Illinois State researcher gets funding to develop pennycress genetic resources


In Illinois, Illinois State Associate Professor of Genetics John Sedbrook is collaborating on a $1 million grant awarded by the U.S. Department of Agriculture (USDA) to develop genetic resources that can be used to rapidly domesticate field pennycress as a new winter annual oilseed cover crop.

Illinois State University’s portion of the grant is $367,021, and the grant period runs through August 2017. Sedbrook, who is a faculty member in the School of Biological Sciences, is working with Professor David Marks, from the University of Minnesota, and Professor Win Phippen, from Western Illinois University.

Pennycress holds considerable agronomic and economic potential due to its extreme cold tolerance and natural ability to produce copious amounts of seeds high in oil and protein content. Pennycress is planted in the fall near the time of corn harvest, over-wintering as a cover crop to reduce nitrogen runoff and soil erosion, and harvested the following spring in time for planting soybeans.
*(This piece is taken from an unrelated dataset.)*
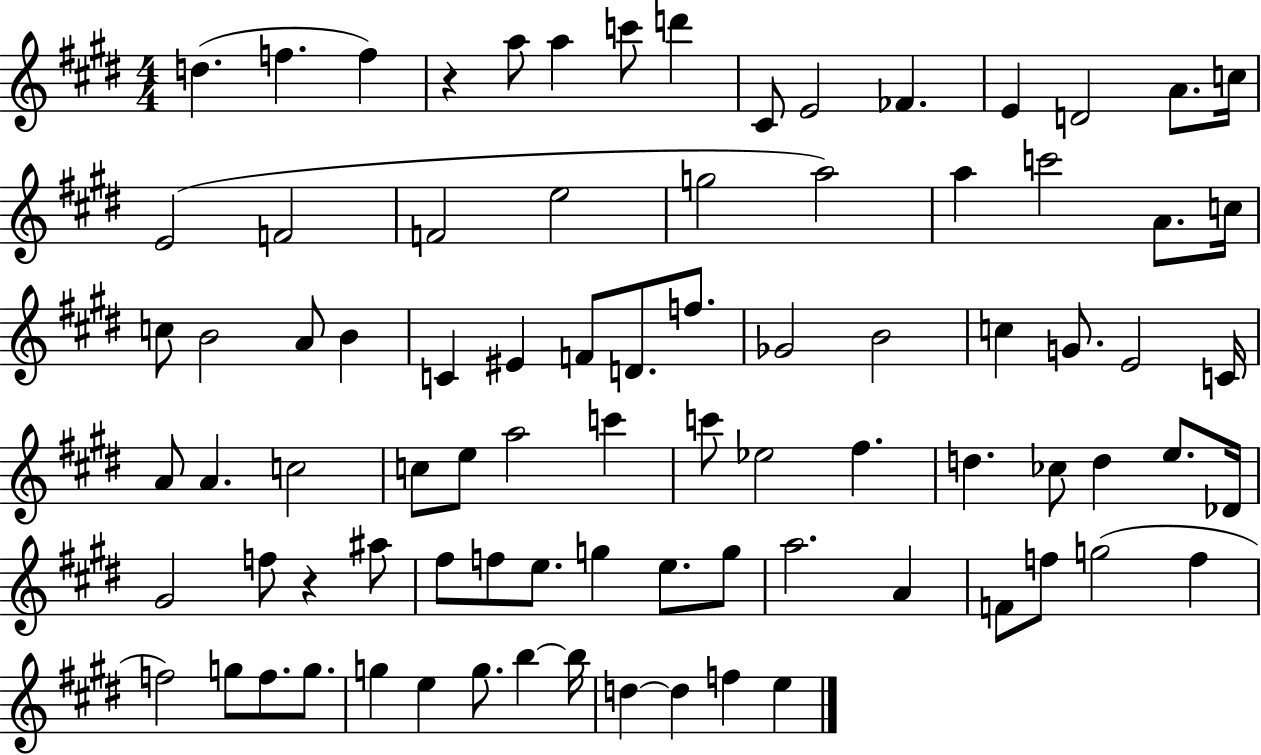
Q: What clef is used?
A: treble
Field studies suggest that pennycress could produce as much as 2,000 pounds of seed per acre, yielding 80 gallons of oil per acre that could be converted to jet fuels, biodiesel, and a variety of industrial products including soaps and cosmetics. However, wild strains of pennycress do not always grow uniformly, so Sedbrook and colleagues are working to improve seed germination and crop establishment.
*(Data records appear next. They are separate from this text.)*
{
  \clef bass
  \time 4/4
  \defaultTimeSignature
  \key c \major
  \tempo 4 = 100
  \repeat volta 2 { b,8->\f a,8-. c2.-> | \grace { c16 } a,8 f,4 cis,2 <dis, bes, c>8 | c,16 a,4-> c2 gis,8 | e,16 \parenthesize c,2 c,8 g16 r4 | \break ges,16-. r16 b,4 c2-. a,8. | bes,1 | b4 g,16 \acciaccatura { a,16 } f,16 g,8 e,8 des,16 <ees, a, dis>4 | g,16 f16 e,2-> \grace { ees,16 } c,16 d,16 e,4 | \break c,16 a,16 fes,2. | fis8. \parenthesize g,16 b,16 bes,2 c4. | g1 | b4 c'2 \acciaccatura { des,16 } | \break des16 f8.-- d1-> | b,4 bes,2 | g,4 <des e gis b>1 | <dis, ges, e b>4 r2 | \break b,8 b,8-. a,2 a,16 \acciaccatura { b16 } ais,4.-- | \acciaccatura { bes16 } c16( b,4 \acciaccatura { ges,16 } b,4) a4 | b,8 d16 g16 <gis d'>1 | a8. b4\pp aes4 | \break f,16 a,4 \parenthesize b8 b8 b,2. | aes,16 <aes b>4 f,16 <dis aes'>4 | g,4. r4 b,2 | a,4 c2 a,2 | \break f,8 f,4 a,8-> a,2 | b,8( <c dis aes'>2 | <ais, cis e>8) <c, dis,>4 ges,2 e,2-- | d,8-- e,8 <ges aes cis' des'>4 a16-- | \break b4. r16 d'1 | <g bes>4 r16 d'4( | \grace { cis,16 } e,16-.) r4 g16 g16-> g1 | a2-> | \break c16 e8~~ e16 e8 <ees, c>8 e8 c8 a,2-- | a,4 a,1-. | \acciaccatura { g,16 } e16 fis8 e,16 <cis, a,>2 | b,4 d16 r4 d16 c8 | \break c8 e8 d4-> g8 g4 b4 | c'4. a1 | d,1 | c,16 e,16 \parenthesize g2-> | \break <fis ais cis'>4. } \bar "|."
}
Pennycress seedpods also break open easily, resulting in about 20 percent of the seeds falling to the ground before they can be harvested. Students in Sedbrook’s lab have already genetically fixed the so-called pod shatter problem in pennycress.

New genetic tools, along with a large body of scientific knowledge and this USDA funding, will allow the researchers to make additional genetic improvements to pennycress. The goal is to domesticate and commercialize pennycress on a time scale of years instead of the hundreds to thousands of years it took to domesticate corn and soybeans.